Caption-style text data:
□ □ □ □ □ □ □
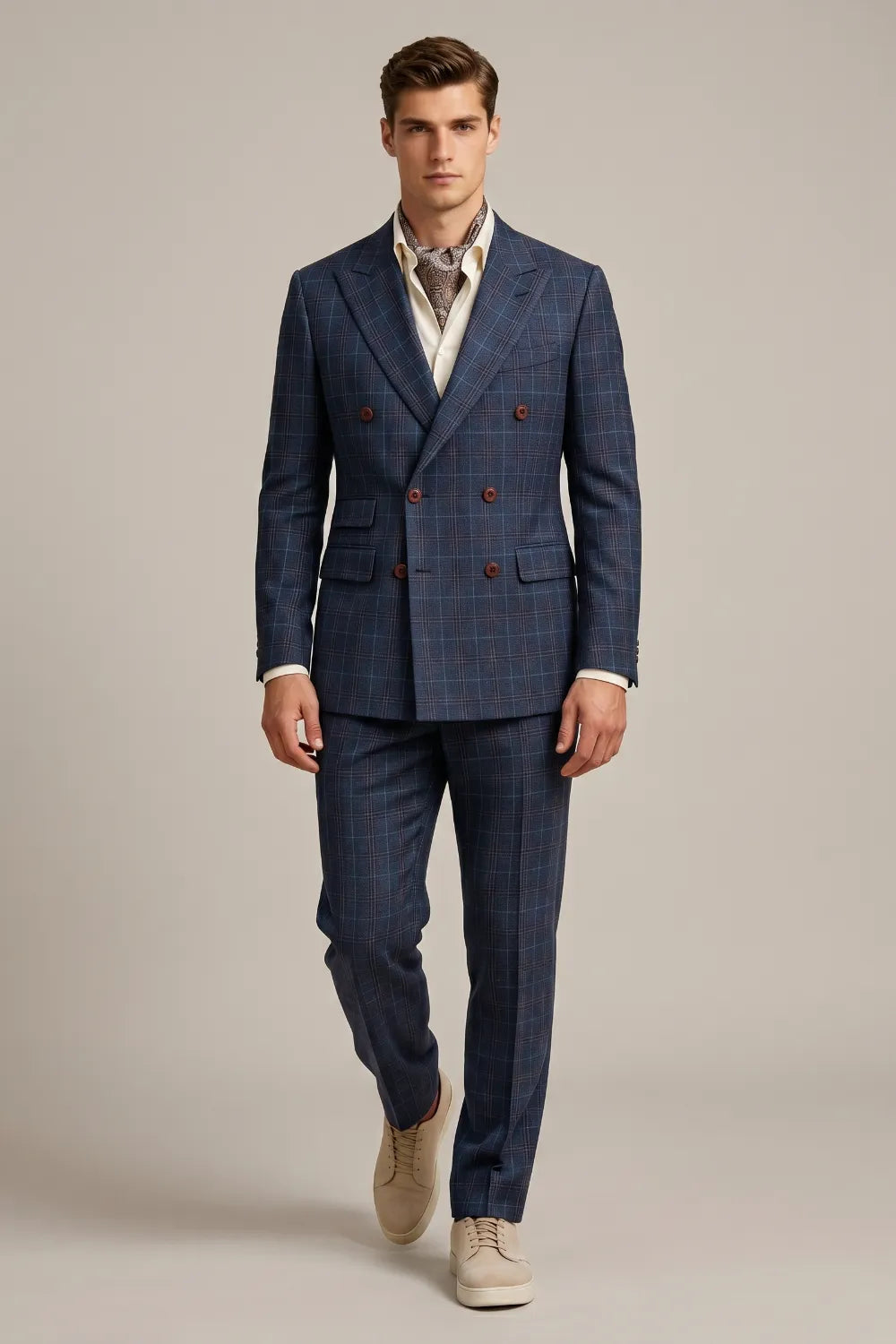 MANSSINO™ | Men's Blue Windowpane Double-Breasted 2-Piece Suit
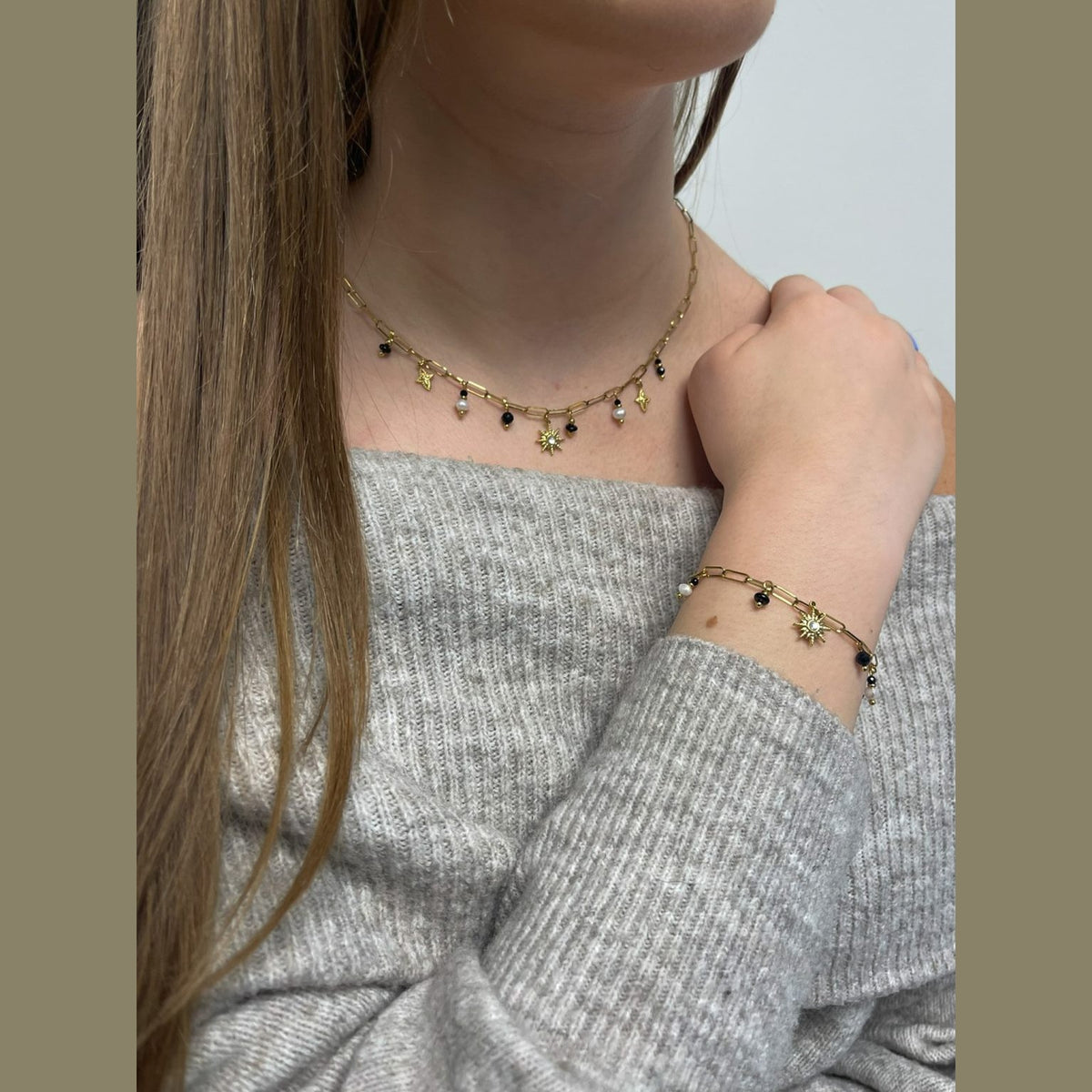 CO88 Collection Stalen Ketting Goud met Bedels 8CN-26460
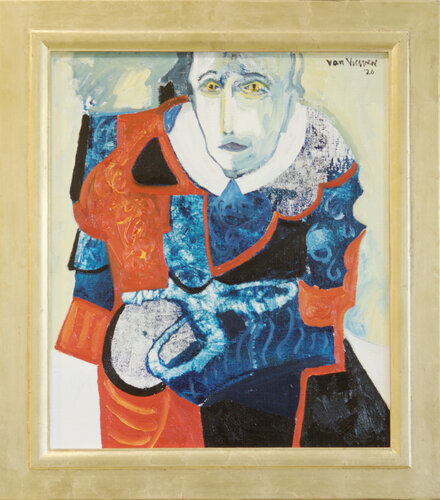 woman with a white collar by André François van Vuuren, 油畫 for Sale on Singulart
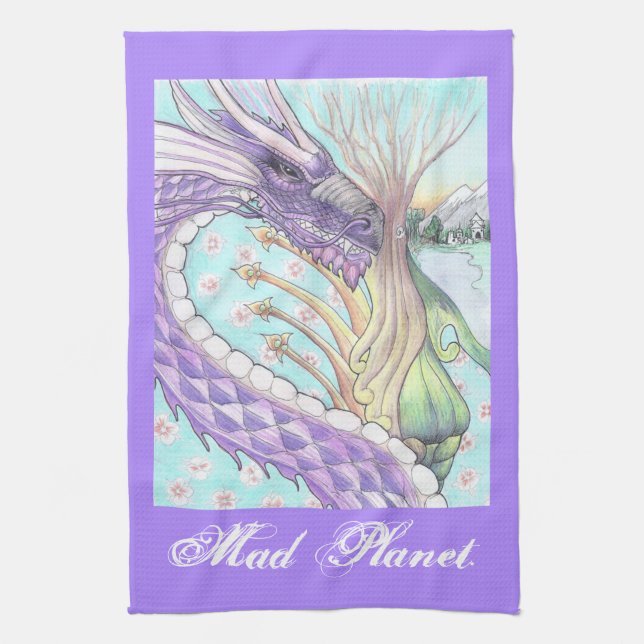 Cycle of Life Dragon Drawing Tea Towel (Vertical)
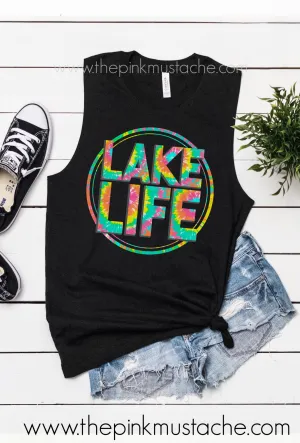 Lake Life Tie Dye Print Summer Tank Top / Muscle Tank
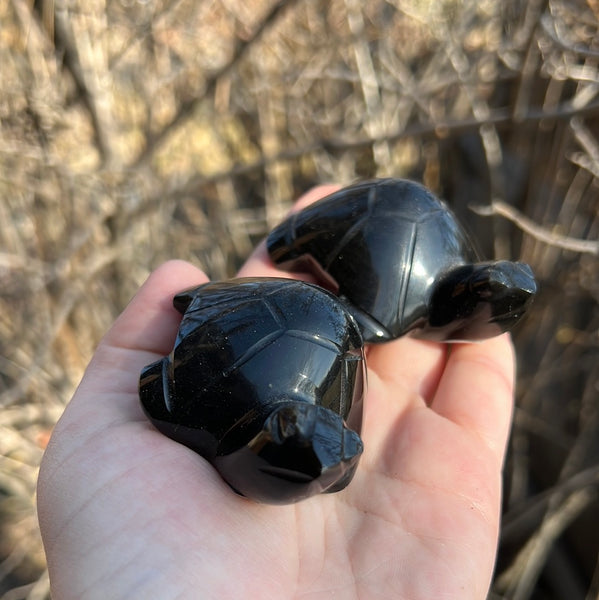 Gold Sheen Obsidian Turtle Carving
□ □ □ □ □ □ □
#### What you are asked to do:
Only the lines from the one with "Cycle of Life" through the final line of the data should be written out, exactly and including both ends. Skip the pictures.

#### The completed task:
 Cycle of Life Dragon Drawing Tea Towel (Vertical)
 Lake Life Tie Dye Print Summer Tank Top / Muscle Tank
 Gold Sheen Obsidian Turtle Carving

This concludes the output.